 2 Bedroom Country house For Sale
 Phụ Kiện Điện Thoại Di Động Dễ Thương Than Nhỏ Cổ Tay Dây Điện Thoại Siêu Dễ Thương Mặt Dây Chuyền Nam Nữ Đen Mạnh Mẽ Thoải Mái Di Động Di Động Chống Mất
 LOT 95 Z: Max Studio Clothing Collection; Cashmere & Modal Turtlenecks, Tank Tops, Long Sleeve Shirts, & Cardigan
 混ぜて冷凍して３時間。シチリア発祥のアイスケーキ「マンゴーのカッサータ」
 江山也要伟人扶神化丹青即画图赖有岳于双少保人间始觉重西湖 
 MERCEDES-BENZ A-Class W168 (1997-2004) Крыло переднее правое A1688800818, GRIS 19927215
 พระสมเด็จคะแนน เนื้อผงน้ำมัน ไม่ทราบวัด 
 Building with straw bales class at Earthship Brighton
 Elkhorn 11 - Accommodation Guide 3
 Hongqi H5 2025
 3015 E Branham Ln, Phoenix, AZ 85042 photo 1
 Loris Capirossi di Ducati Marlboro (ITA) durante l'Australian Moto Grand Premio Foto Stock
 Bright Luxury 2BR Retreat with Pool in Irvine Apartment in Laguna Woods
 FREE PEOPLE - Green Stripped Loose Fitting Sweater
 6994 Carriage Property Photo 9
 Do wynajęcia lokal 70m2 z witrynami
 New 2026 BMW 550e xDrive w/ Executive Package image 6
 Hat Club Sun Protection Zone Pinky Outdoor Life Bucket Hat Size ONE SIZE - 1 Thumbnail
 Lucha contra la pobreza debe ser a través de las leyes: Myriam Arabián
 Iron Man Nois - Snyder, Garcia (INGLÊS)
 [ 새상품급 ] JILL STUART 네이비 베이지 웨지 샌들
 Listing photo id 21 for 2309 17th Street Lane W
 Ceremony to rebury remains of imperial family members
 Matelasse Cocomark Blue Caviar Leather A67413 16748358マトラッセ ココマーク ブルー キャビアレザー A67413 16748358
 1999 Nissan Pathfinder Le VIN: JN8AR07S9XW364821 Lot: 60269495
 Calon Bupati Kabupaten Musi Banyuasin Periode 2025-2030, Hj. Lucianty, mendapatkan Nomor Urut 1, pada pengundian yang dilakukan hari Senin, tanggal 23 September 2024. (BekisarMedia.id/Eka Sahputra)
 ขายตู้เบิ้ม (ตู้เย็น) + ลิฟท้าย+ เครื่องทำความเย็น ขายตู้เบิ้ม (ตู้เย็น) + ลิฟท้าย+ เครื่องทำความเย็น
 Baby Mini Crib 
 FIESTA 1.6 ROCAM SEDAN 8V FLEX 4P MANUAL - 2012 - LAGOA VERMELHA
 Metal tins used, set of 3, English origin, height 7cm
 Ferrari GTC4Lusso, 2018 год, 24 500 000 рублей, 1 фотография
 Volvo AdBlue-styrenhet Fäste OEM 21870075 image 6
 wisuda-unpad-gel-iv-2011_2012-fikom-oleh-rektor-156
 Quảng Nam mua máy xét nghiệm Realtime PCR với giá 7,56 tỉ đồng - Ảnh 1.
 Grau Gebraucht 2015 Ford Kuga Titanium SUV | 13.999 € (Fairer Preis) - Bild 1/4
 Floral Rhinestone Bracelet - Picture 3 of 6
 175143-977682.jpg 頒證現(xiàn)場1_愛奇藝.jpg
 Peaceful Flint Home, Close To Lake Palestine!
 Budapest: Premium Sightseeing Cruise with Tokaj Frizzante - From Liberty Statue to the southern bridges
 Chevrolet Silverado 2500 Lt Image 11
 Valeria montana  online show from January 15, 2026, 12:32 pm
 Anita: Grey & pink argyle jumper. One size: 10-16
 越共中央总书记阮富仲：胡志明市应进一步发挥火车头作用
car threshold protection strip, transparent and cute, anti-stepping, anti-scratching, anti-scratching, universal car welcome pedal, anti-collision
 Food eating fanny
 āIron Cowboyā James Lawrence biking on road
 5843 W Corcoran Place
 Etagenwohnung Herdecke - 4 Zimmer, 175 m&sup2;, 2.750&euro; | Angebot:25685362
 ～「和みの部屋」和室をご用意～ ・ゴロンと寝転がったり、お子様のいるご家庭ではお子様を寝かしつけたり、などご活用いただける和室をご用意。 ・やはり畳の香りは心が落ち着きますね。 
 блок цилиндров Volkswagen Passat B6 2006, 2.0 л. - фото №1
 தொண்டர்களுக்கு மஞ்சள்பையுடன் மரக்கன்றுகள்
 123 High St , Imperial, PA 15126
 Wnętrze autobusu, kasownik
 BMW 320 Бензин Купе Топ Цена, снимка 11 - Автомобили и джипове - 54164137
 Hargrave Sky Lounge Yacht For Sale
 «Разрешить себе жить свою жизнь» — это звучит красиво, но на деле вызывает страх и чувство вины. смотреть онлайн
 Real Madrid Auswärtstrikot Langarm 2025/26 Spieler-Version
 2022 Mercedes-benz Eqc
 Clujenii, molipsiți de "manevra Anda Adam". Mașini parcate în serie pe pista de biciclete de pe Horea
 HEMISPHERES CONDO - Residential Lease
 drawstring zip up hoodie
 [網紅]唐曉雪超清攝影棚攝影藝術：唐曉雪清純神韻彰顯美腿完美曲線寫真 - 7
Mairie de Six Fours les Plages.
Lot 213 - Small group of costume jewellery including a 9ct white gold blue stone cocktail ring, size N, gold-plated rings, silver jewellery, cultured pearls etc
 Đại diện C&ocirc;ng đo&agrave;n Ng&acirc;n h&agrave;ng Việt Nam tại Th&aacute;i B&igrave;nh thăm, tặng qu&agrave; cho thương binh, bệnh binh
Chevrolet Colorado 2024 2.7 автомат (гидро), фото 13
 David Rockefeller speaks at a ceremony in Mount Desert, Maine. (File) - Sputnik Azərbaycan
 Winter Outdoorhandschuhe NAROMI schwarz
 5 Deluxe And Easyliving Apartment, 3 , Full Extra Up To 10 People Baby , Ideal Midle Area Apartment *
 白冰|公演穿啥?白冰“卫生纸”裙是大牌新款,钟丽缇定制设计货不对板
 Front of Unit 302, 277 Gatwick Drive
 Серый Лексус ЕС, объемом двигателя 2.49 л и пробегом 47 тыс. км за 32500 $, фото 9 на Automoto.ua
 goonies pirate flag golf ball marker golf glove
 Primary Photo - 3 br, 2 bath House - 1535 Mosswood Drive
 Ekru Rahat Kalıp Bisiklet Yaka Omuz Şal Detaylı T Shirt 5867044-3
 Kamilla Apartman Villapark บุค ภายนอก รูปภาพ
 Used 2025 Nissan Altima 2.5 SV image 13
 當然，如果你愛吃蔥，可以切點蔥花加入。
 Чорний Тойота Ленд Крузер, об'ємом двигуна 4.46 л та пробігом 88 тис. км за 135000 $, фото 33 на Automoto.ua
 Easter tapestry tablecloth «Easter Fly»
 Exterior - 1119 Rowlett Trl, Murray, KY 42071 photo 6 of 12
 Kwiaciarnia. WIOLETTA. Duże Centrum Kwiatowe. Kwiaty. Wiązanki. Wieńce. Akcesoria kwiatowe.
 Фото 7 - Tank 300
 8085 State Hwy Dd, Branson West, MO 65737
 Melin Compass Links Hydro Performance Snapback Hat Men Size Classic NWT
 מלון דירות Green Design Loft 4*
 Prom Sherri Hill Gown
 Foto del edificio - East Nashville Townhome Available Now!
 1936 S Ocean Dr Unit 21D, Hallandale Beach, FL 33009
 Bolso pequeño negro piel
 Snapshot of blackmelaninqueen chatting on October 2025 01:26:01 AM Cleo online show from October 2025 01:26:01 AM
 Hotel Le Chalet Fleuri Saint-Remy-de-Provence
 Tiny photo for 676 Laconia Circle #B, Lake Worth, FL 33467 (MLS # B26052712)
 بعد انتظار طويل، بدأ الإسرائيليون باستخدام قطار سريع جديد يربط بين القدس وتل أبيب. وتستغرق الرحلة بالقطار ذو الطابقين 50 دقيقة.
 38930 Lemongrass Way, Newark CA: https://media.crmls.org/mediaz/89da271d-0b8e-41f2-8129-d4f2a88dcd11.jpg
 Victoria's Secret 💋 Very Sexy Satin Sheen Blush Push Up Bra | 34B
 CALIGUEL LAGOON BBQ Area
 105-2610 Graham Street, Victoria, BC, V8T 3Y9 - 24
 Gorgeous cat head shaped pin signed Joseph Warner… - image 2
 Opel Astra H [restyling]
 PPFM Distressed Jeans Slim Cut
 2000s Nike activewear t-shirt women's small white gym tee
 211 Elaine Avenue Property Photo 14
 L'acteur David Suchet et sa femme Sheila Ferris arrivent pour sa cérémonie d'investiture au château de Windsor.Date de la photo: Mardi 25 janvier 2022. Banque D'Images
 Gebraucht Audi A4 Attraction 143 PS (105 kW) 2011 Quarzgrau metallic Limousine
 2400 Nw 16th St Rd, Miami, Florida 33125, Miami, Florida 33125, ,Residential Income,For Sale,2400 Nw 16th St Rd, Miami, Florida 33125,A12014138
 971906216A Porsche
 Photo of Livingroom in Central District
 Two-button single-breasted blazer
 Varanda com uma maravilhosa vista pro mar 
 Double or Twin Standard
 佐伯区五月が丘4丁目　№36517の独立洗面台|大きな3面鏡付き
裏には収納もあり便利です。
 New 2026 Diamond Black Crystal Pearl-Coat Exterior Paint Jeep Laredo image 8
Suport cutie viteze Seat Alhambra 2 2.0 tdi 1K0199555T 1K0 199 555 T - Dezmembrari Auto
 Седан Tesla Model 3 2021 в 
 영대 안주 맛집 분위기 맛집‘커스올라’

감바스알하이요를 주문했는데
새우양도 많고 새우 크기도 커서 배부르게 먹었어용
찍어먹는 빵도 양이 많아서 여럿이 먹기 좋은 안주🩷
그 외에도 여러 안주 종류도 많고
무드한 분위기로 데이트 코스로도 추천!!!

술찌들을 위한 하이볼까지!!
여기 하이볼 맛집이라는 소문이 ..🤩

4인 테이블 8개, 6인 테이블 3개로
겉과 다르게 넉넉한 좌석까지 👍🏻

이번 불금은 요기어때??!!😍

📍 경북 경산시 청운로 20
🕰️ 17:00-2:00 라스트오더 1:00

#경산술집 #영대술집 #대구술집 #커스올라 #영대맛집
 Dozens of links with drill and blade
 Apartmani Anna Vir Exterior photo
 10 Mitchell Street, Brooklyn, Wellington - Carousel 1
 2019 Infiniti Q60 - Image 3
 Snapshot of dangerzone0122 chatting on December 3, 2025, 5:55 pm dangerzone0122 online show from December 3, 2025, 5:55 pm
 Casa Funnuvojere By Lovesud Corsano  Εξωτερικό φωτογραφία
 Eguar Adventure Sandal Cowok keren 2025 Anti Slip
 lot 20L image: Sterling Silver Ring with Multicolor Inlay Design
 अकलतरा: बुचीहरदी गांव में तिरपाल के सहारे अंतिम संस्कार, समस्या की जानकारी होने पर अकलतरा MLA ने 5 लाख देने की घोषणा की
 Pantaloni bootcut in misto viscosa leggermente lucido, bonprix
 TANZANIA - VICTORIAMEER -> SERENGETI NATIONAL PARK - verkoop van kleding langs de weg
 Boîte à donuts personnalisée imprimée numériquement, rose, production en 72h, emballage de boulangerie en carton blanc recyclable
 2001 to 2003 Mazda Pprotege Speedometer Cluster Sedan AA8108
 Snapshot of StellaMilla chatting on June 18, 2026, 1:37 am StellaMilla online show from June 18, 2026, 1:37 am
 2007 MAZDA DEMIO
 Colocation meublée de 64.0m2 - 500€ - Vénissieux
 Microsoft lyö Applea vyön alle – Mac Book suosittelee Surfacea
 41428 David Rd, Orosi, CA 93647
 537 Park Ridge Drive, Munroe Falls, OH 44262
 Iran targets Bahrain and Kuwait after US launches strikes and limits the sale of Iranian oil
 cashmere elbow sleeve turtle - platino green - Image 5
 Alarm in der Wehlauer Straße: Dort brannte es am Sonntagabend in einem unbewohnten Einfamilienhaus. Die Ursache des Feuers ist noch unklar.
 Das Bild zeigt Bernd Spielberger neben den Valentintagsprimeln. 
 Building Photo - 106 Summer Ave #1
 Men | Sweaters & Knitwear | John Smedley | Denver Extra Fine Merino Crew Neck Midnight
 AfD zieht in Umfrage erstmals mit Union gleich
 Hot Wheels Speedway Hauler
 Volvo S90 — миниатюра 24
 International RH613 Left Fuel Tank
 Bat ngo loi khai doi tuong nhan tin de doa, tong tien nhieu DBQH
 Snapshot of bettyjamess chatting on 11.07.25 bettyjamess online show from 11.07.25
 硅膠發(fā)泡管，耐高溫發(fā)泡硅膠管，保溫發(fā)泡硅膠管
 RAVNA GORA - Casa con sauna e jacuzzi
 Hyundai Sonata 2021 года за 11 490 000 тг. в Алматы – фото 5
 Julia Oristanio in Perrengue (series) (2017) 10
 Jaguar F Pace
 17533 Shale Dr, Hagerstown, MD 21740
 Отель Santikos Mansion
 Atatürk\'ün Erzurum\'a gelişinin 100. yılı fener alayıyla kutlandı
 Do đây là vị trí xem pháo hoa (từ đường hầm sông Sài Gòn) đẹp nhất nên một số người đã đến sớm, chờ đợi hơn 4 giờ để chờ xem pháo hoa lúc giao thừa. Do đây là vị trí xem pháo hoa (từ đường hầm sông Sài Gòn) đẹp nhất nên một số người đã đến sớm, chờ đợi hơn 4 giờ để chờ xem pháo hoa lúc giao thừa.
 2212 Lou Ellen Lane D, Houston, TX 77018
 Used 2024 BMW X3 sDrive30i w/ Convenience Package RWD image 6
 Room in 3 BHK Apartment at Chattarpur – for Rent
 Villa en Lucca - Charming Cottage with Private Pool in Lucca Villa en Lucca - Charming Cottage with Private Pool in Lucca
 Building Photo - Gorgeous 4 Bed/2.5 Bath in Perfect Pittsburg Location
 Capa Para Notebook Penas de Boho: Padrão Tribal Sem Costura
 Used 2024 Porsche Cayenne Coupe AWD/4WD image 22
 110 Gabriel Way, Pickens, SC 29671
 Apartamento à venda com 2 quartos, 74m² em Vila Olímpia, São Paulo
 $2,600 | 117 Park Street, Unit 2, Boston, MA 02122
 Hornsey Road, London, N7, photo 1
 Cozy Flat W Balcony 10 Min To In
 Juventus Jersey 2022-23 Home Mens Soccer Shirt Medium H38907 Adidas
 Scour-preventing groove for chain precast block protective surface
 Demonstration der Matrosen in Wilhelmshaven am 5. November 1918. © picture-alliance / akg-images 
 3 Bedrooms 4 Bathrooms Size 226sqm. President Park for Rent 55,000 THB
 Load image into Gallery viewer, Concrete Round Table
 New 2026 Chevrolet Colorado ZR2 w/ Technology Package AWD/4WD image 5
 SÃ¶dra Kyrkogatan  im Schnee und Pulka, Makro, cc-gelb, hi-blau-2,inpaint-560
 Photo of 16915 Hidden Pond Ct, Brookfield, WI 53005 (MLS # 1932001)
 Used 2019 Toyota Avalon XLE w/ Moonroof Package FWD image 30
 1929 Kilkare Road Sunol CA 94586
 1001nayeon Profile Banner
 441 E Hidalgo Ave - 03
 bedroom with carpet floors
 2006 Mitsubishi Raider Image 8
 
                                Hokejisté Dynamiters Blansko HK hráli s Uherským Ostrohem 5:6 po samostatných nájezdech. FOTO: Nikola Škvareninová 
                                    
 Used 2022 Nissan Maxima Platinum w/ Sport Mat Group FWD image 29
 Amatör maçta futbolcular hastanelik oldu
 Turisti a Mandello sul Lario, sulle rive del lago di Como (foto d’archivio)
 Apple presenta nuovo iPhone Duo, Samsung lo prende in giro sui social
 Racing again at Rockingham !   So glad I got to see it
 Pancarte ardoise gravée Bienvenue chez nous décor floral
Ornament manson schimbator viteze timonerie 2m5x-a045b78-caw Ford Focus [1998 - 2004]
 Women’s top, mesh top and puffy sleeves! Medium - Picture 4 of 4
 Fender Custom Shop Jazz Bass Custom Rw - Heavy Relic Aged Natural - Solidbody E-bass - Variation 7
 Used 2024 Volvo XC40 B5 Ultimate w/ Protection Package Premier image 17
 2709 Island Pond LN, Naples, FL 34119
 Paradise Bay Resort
★ ★ ★ ★ ★ ★ ★
• To do: Taking the listing above as the source, transcribe only the lines starting at the line with "211 Elaine Avenue Property Photo 14" and going through the line with "Colocation meublée de", unaltered and with both ends included.

• Result:
 211 Elaine Avenue Property Photo 14
 L'acteur David Suchet et sa femme Sheila Ferris arrivent pour sa cérémonie d'investiture au château de Windsor.Date de la photo: Mardi 25 janvier 2022. Banque D'Images
 Gebraucht Audi A4 Attraction 143 PS (105 kW) 2011 Quarzgrau metallic Limousine
 2400 Nw 16th St Rd, Miami, Florida 33125, Miami, Florida 33125, ,Residential Income,For Sale,2400 Nw 16th St Rd, Miami, Florida 33125,A12014138
 971906216A Porsche
 Photo of Livingroom in Central District
 Two-button single-breasted blazer
 Varanda com uma maravilhosa vista pro mar 
 Double or Twin Standard
 佐伯区五月が丘4丁目　№36517の独立洗面台|大きな3面鏡付き
裏には収納もあり便利です。
 New 2026 Diamond Black Crystal Pearl-Coat Exterior Paint Jeep Laredo image 8
Suport cutie viteze Seat Alhambra 2 2.0 tdi 1K0199555T 1K0 199 555 T - Dezmembrari Auto
 Седан Tesla Model 3 2021 в 
 영대 안주 맛집 분위기 맛집‘커스올라’

감바스알하이요를 주문했는데
새우양도 많고 새우 크기도 커서 배부르게 먹었어용
찍어먹는 빵도 양이 많아서 여럿이 먹기 좋은 안주🩷
그 외에도 여러 안주 종류도 많고
무드한 분위기로 데이트 코스로도 추천!!!

술찌들을 위한 하이볼까지!!
여기 하이볼 맛집이라는 소문이 ..🤩

4인 테이블 8개, 6인 테이블 3개로
겉과 다르게 넉넉한 좌석까지 👍🏻

이번 불금은 요기어때??!!😍

📍 경북 경산시 청운로 20
🕰️ 17:00-2:00 라스트오더 1:00

#경산술집 #영대술집 #대구술집 #커스올라 #영대맛집
 Dozens of links with drill and blade
 Apartmani Anna Vir Exterior photo
 10 Mitchell Street, Brooklyn, Wellington - Carousel 1
 2019 Infiniti Q60 - Image 3
 Snapshot of dangerzone0122 chatting on December 3, 2025, 5:55 pm dangerzone0122 online show from December 3, 2025, 5:55 pm
 Casa Funnuvojere By Lovesud Corsano  Εξωτερικό φωτογραφία
 Eguar Adventure Sandal Cowok keren 2025 Anti Slip
 lot 20L image: Sterling Silver Ring with Multicolor Inlay Design
 अकलतरा: बुचीहरदी गांव में तिरपाल के सहारे अंतिम संस्कार, समस्या की जानकारी होने पर अकलतरा MLA ने 5 लाख देने की घोषणा की
 Pantaloni bootcut in misto viscosa leggermente lucido, bonprix
 TANZANIA - VICTORIAMEER -> SERENGETI NATIONAL PARK - verkoop van kleding langs de weg
 Boîte à donuts personnalisée imprimée numériquement, rose, production en 72h, emballage de boulangerie en carton blanc recyclable
 2001 to 2003 Mazda Pprotege Speedometer Cluster Sedan AA8108
 Snapshot of StellaMilla chatting on June 18, 2026, 1:37 am StellaMilla online show from June 18, 2026, 1:37 am
 2007 MAZDA DEMIO
 Colocation meublée de 64.0m2 - 500€ - Vénissieux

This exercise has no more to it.